Risks from malevolent actors

Our overall view

Sometimes recommended

Working on this problem could be among the best ways of improving the long-term future, but we know of fewer high-impact opportunities to work on this issue than on our top priority problems.

Profile depth

Exploratory 

Why might risks from malevolent actors be an especially pressing problem?

An essay by David Althaus and Tobias Baumann argues that when people with some or all of the so-called ‘dark tetrad’ traits — narcissism, psychopathy, Machiavellianism, and sadism — are in positions of power or influence, this plausibly increases the risk of catastrophes that could harm many people alive today or even influence the long-term future.

Developing better measures of these traits, they suggest — as well as good tests of these measures — could help us make our institutions less liable to be influenced by such actors. We could, for instance, make ‘non-malevolence’ a condition of holding political office or having sway over powerful new technologies.

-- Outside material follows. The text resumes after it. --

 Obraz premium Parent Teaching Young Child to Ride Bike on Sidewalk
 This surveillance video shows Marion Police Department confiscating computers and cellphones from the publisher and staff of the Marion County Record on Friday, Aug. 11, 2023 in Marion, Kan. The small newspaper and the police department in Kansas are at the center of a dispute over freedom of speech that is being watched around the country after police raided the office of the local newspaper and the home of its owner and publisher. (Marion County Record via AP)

While it’s not clear how large of a problem malevolent individuals in society are compared to other issues, there is historical precedent for malevolent actors coming to power — for example, Hitler and Stalin plausibly had strong dark tetrad traits — and perhaps this wouldn’t have happened if there had been better precautions in place. If so, this suggests that careful measures could prevent future bad events of a similar scale (or worse) from taking place.

There has been very little work on this topic that we know of.